Image-text web data
= Beginning of Section =

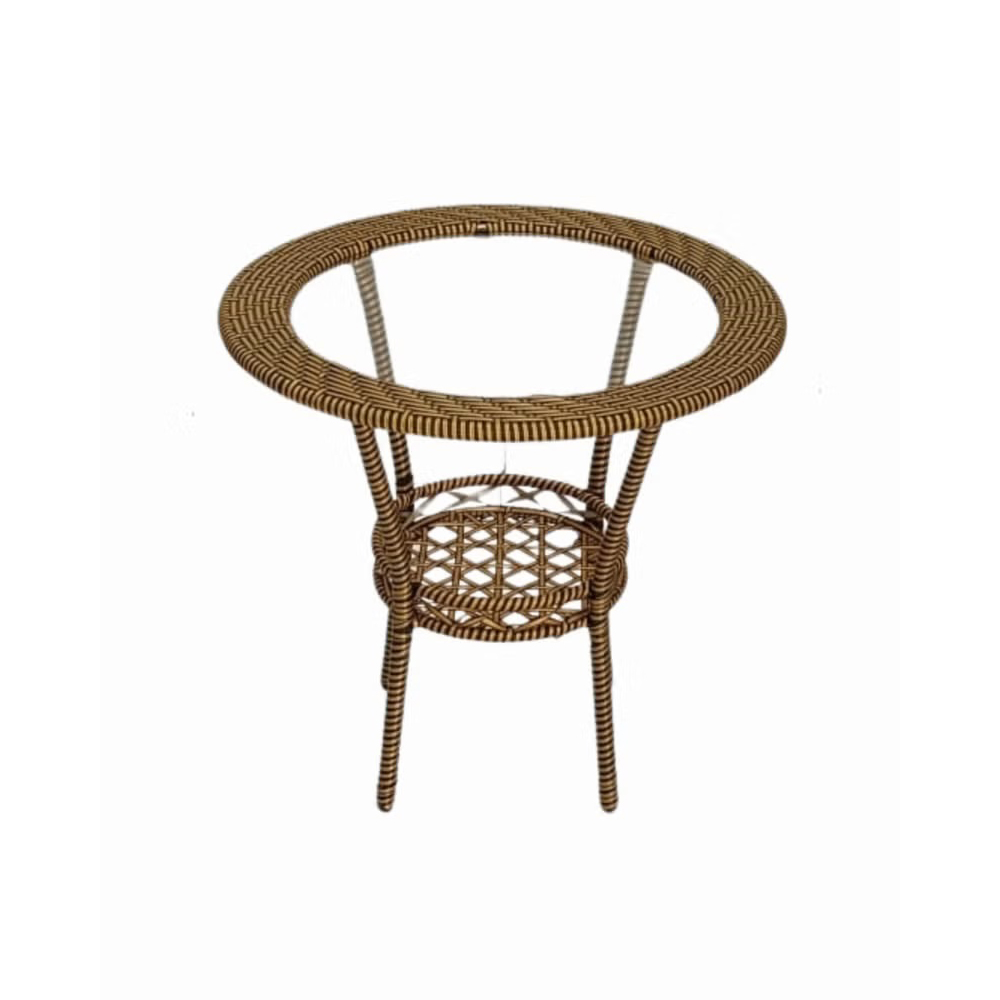 Patio 3 Pieces Rattan Dining Set Table with Wicker Glass Top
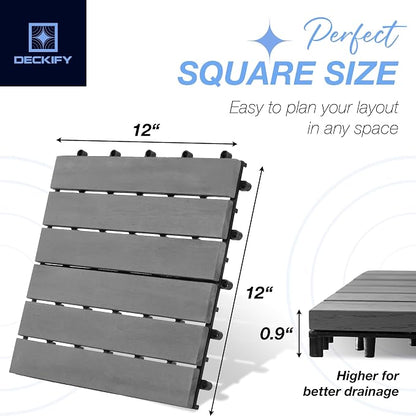 9-Piece Acacia Wood Interlocking Deck Tiles 12x12 in, Gray Striped | 6-Slat Wide Contact, Non-Slip Grip, 490 lb Capacity, Protective Oil-Rubbed Finish, Flat-Surface Install, Patio Ready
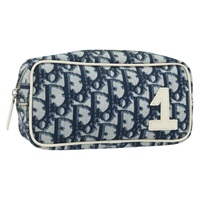 クリスチャンディオール Christian Dior ポーチ トロッターキャンバス No.1 PVC ネイビー シルバー レディース am11124A
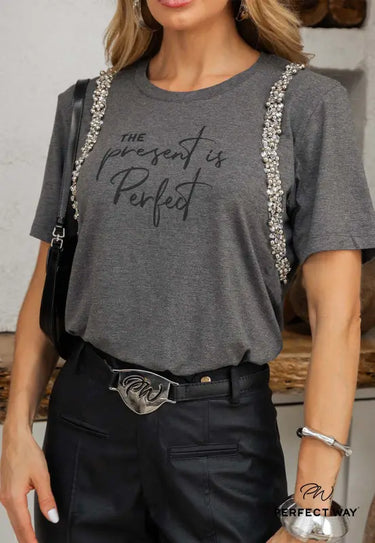 MO526178 - PW WOMEN'S T-SHIRT WITH PRINT AND HAND EMBROIDERY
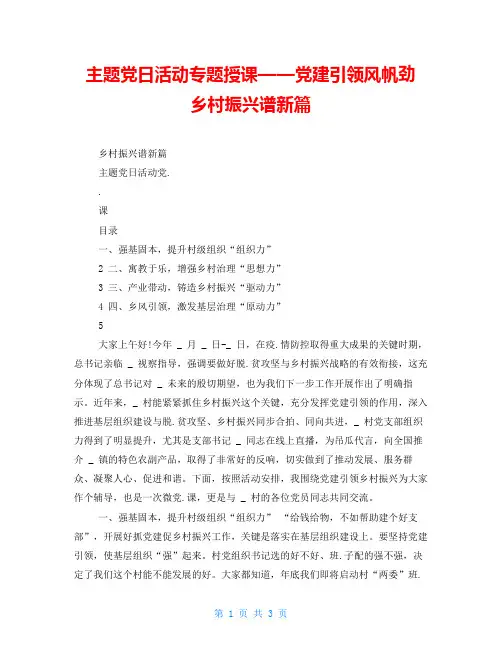 主题党日活动专题授课——党建引领风帆劲  乡村振兴谱新篇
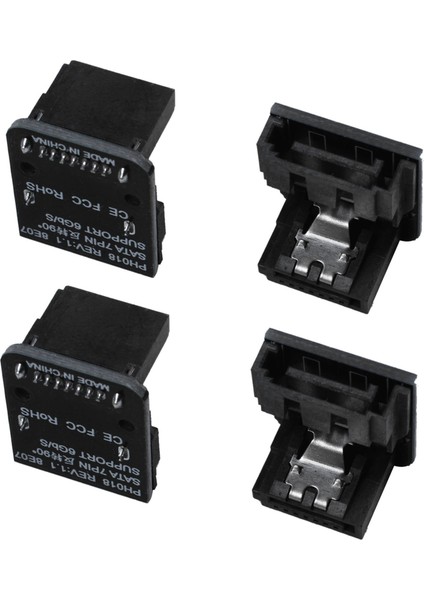 4x Sata 7pin Dişi 7pin Erkek 90 Derece Açılı Adaptör Anakart Anakartı Masaüstleri Için SSD HDD (Yurt Dışından)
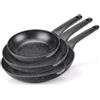 Moneta Formidabile Stone Set di 3 padelle antiaderenti 20-24-28cm, anche per induzione, 100% made in Italy Nero Set 3 padelle 20-24-28cm Nero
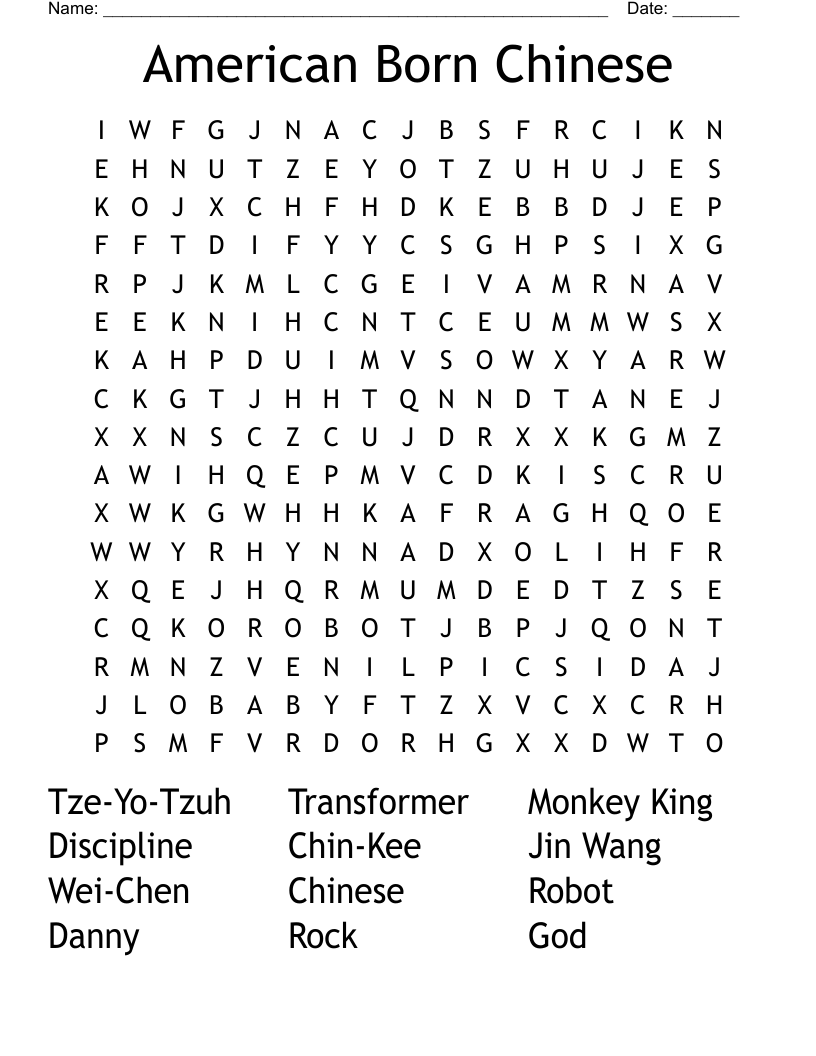 American Born Chinese Word Search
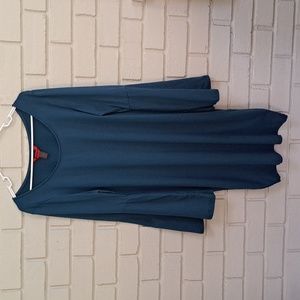 Hot Kiss Turquoise Blue Long Bell Sleeve Dress. Size 2X NWOT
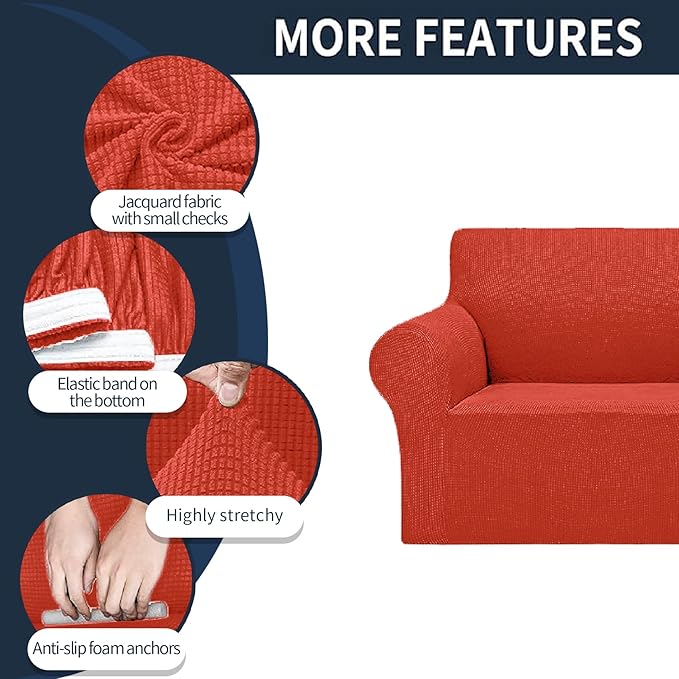 2025 New Stretch Sofa Slipcovers Couch Cover for 3 Cushion Furniture Protector Sofa Covers with Elastic Bottom Jacquard Fabric Small Checks for Pets, Kids -Sofa, Pureed Pumpkin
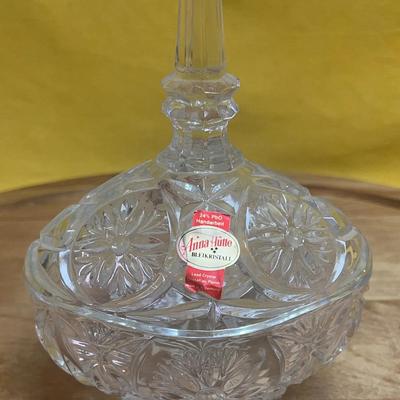Anna Hutte 24% lead crystal candy dish with a steeple lid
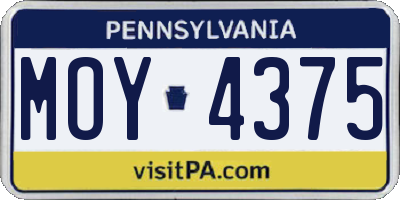 PA license plate MOY4375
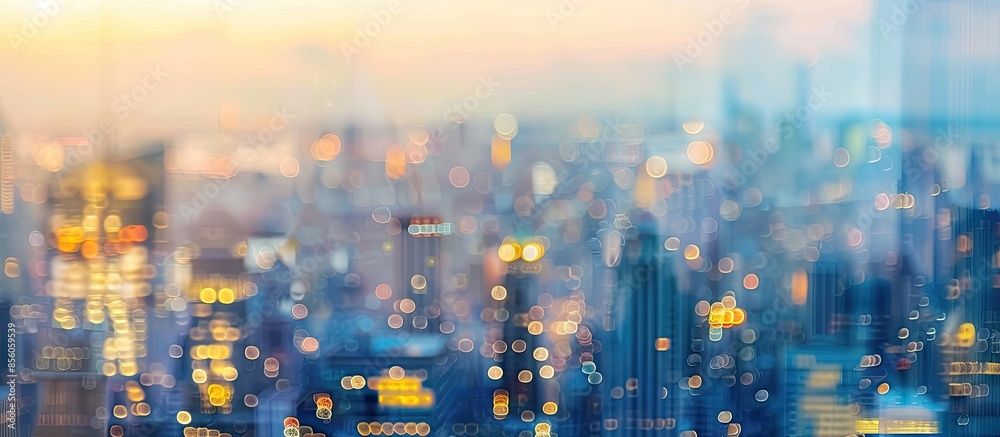 Poster blurred image of metropolis, homes, buildings, apartments and bokeh from lens melting for wallpaper,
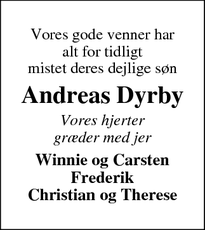 Dødsannoncen for Andreas Dyrby - Ringkøbing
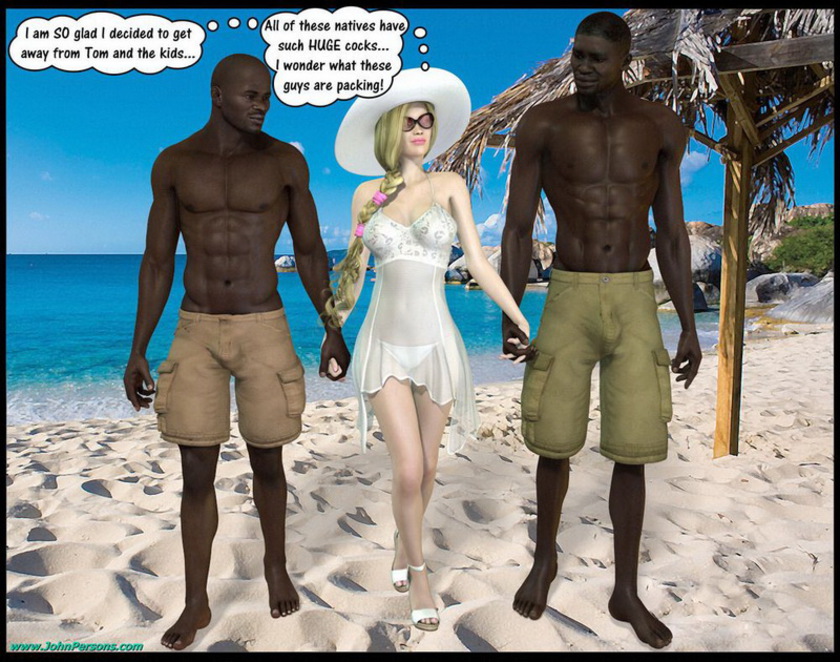 Interracial threesome at the beach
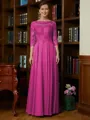 A-Line/Princess Scoop Chiffon Floor-Length Mother of the Bride Dresses With Lace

= End of Section =

Once the line with "クリスチャンディオール Christian Dior" is found above, transcribe each line from it through the line with "4x Sata 7pin", exactly, and omit the pictures.

 クリスチャンディオール Christian Dior ポーチ トロッターキャンバス No.1 PVC ネイビー シルバー レディース am11124A
 MO526178 - PW WOMEN'S T-SHIRT WITH PRINT AND HAND EMBROIDERY
 主题党日活动专题授课——党建引领风帆劲  乡村振兴谱新篇
 4x Sata 7pin Dişi 7pin Erkek 90 Derece Açılı Adaptör Anakart Anakartı Masaüstleri Için SSD HDD (Yurt Dışından)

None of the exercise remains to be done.